LUISA Y ARMANDO
Había una vez una pareja de enamorados.
Se conocieron por internet en uno de esos
sitios para buscar pareja.
Y los dos buscaban pareja. O sea que se encontraron.
Ya pasaron como diez meses del primer contacto
y… no se conocían personalmente.
Bueno… un poco sí porque se mandaron las fotos
por el correo electrónico. Además se
contaron muchas cosas de ellos, aunque no todas.
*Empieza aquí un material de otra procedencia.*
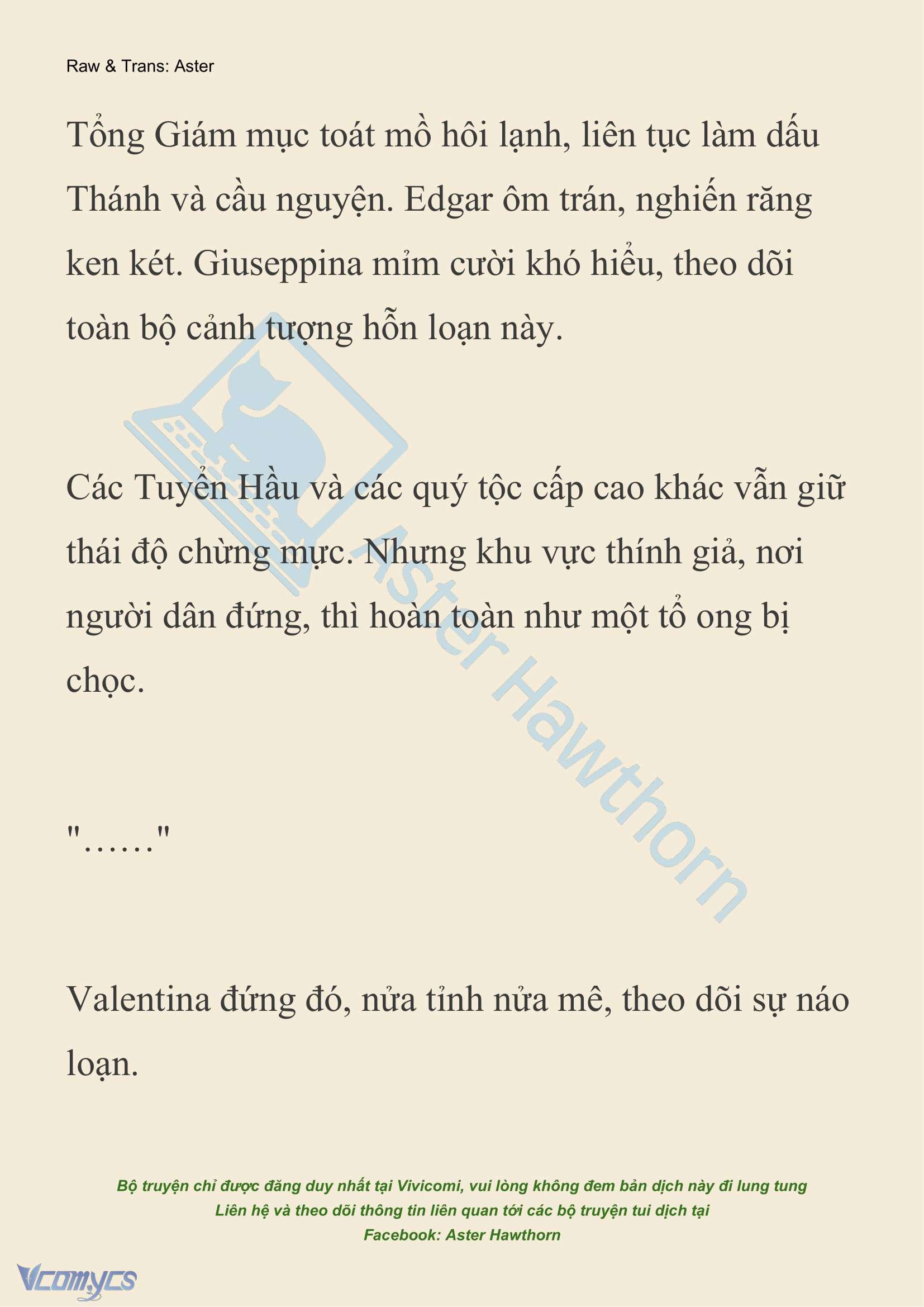 [NOVEL] Thiên Đường Của Valentina Chapter 199 - Trang 19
Y se contaron la verdad, doy fe de ello porque
los conocí.
Todas sus cartas eran dignas de elogio, visto
desde afuera demostraban comprensión mutua a las preocupaciones de la vida de
cada uno por parte del otro.
Luego se hablaron por teléfono y sus voces y
modulaciones se gustaron mutuamente.
La ansiedad del uno hacia el otro se
incentivó.
Fue como iniciar una carrera hacia el
acercamiento.
Por tanto, el tiempo de conocerse a través de
la distancia fue cumplido y llegó el tiempo de verse en persona.
Se citaron en un café del centro y se tomaron
su tiempo para ir bien presentados. La
ocasión lo merecía y la pareja también.
Acordaron que el primero que llegara le daría su
nombre al mozo así el segundo en llegar se lo preguntaría y el mozo indicaba la
mesa sin que hubiera lugar a confusión.
Este trámite resultó exitoso sólo que él, cuando
se fue acercando a la mesa señalada, no lograba concebir lo que estaba viendo. Pero siguió y al llegar preguntó: ¿Luisa?
Ella, girando su cabeza quedó tan sorprendida
como antes él: ¿Armando?
Las lágrimas brotaron sin cesar de los ojos de
ambos.
Si habían sembrado esperanzas y desesperanzas
durante estos diez meses, ahora estaban cosechando sólo esperanzas.
Se abrazaron y acariciaron por mucho rato y
sin decirse palabra alguna. Para qué
hacerlo si ya se habían dicho tantas.
Ahora estaban hablando sus ojos.
Al fin, llamaron al mozo y le pidieron una
merienda. También que retirara las
sillas que daban a la mesa.
Y enfrentando sus sillas de ruedas no dejaron
de mirarse a los ojos y tomarse las manos.